Although my injuries have healed over the past few weeks and things have for the most part gone back to normal, I had expected things between us to revert back to before the incident. However, I was surprised when he showed up at my house the morning after I got word from the doctor that I could take off my sling and go back to archery practice. When I asked him why he had come all he did was scoff and tell me to quit asking stupid questions. Ever since then we've been inseparable. At first our friendship, if you could even call it that seemed so far fetched to our classmates. And if I'm going to be honest it was weird for me too. People are constantly telling me he's a delinquent or asking if he was blackmailing me into hanging out with him. Ayumi, Eri and Yuka have had these smug looks on their faces for days now and constantly give me side grins when he waits for me after practice so we can leave to walk home together.

It's not like anything has really changed between us.. he's still acts just as rude and arrogant as ever. Plus were always arguing about something.. Stealing a glance at Inuyasha a small smile crept over my features seeing him pick up the bento to scrape the last bit of crumbs into his mouth. For someone who was so apprehensive about the lunch to begin with he sure enjoyed it, I mused accidentally letting a soft chuckle out.

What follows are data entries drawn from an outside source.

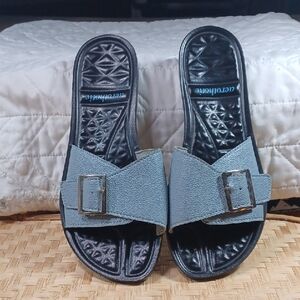 aerothotic  Blue &Silver  Buckle Slide Sandals New 38 =  7.5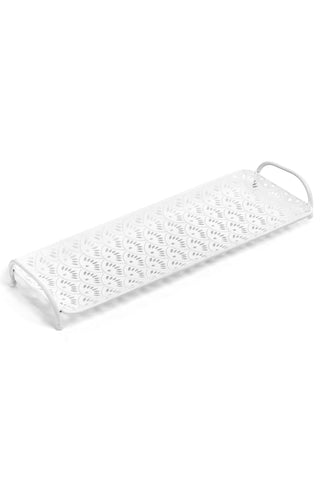 Plateau décoratif en métal – Blanc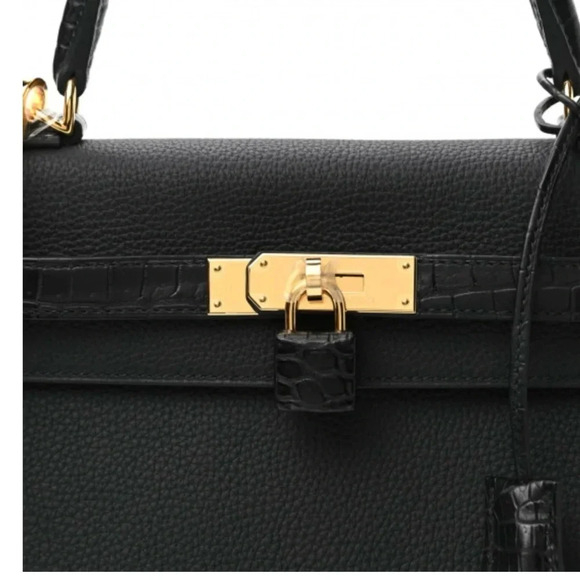 Hermes Togo matte porous crocodile Kelly retourne touch black 28.Full set - Picture 3 of 15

"What's funny wench?" shaking my head I gave him a small smile, not having the energy to strike up another argument over his inability to use my name.

"Nothing at all. So will you wait for me again after practice?" I asked, trying to change the subject.

"Keh, what kinda question is that? You know I will," he grumbled, scratching his head anxiously.

"Just making sure," I hummed. Not long after the first bell rang signaling the end of lunch. The rest of classes went by in a blur, filled with stollen glances and a hammering heart anticipating our time together after school.